Watching 1939: Beau Geste (1939)

In 2011, I announced I was trying to see every film released in 1939. This new series chronicles films released in 1939 as I watch them. As we start out this blog feature, this section may become more concrete as I search for a common thread that runs throughout each film of the year. Right now, that’s difficult. 

1939 film: 
Beau Geste (1939)

Release date: 
July 24, 1939

Cast: 
Gary Cooper, Ray Milland, Robert Preston, Brian Donlevy, Susan Hayward, J. Carrol Naish, Albert Dekker, Broderick Crawford, George P. Huntley, James Stephenson, Albert Dekker, Charles Barton, James Burke, Heather Thatcher, Henry Brandon, Harold Huber, Harvey Stephens
Leads as children: Donald O’Connor, Billy Cook, Martin Spellman, Ann Gillis, David Holt

Studio: 
Paramount Pictures

Director: 
William A. Wellman

Plot:
Three brothers Beau Geste (O’Connor/Cooper), Digby Geste (Spellman/Preston) and Michael Geste (Cook/Milland) were orphans, adopted and raised by their aunt Lady Patricia Brandon (Thatcher).
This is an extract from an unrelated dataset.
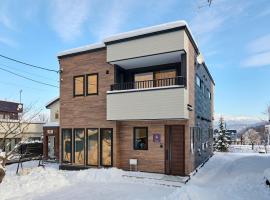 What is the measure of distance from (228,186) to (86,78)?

Lady Brandon also raises her nephew bratty (Holt/Huntley) and her ward Isobel (Gillis/Hayward). Augustus Part of the Brandon family fortune is a large sapphire, the Blue Water. Lady Brandon is going to have to sell the Blue Water to give money to her absent husband. But before it could be sold, one of the young adults steals the Blue Water. Beau and Digby both leave that same night to join the French Foreign Legion, and upon discovering, Michael follows his brothers to Algeria. There the brothers and the rest of the legionnaires suffer under the sadistic and abusive Sergeant Markoff (Donlevy). Markoff targets the brothers after Markoff’s stooge Rasinoff (Naish) overhears the brothers talking about the sapphire.